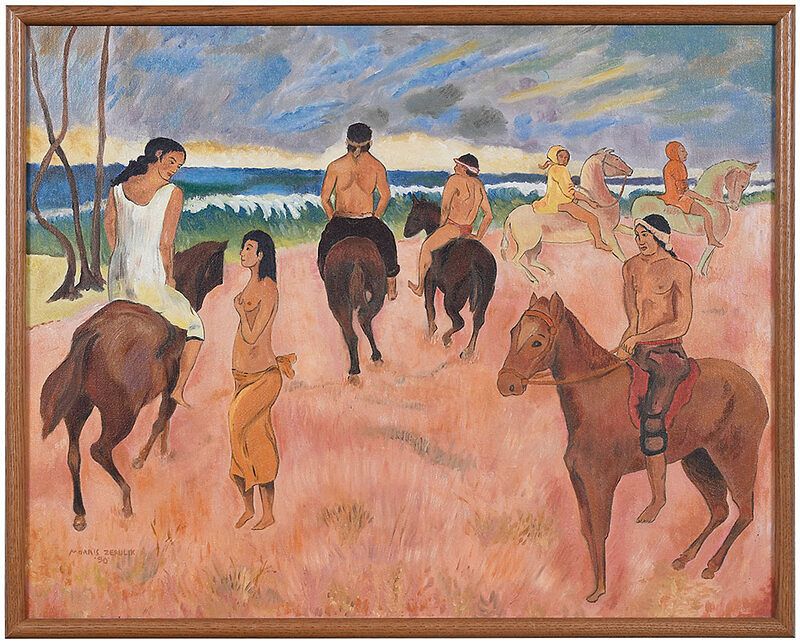 Appraisal: Morris Zerulik Virginia - Horsemen on the Beach after a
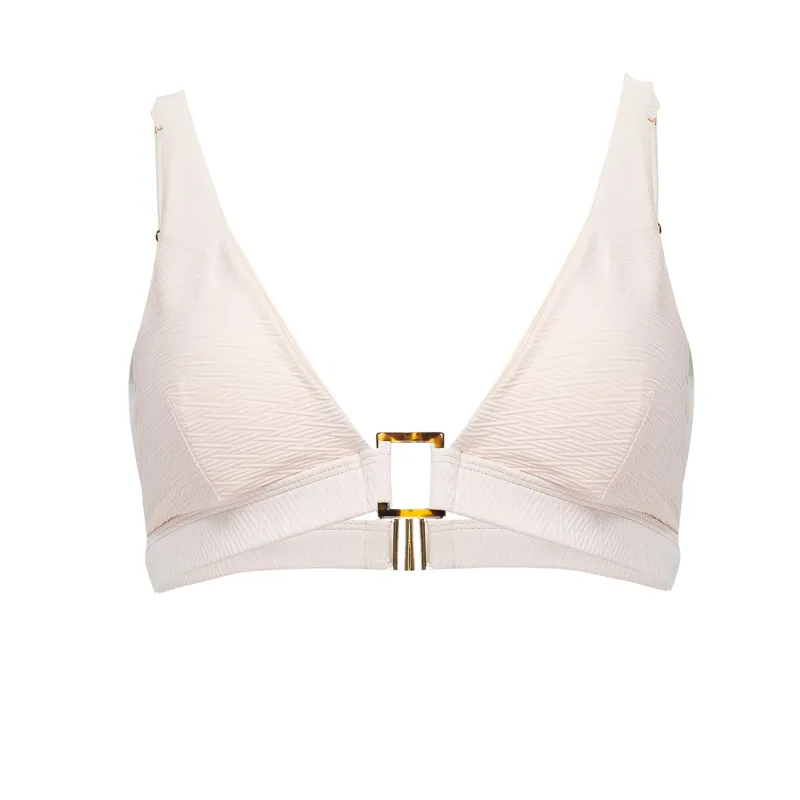 Lara Shell Trim Bikini Top Cream made by Sand Dollar
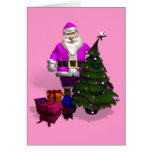 Pink Santa Claus Greeting Cards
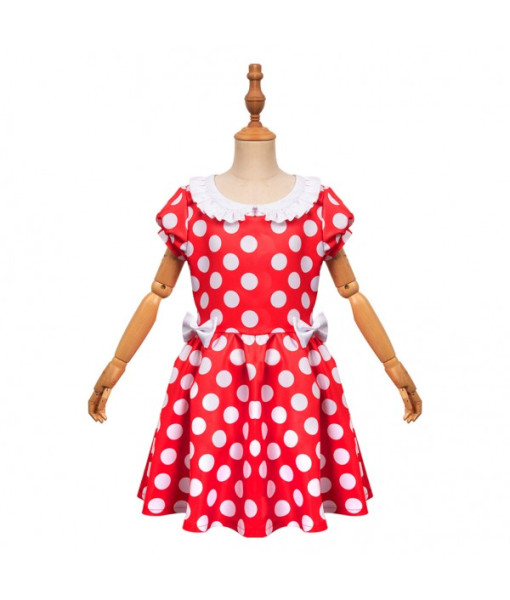 Kids Girls Polka Dots Dress Halloween Cosplay Costume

▸ **Work to be completed**
Give again, word for word, the lines above from the one with "Lara Shell Trim" through the final line of the data, both ends included. Do not copy any picture.

▸ **The completed task**
 Lara Shell Trim Bikini Top Cream made by Sand Dollar
 Pink Santa Claus Greeting Cards
 Kids Girls Polka Dots Dress Halloween Cosplay Costume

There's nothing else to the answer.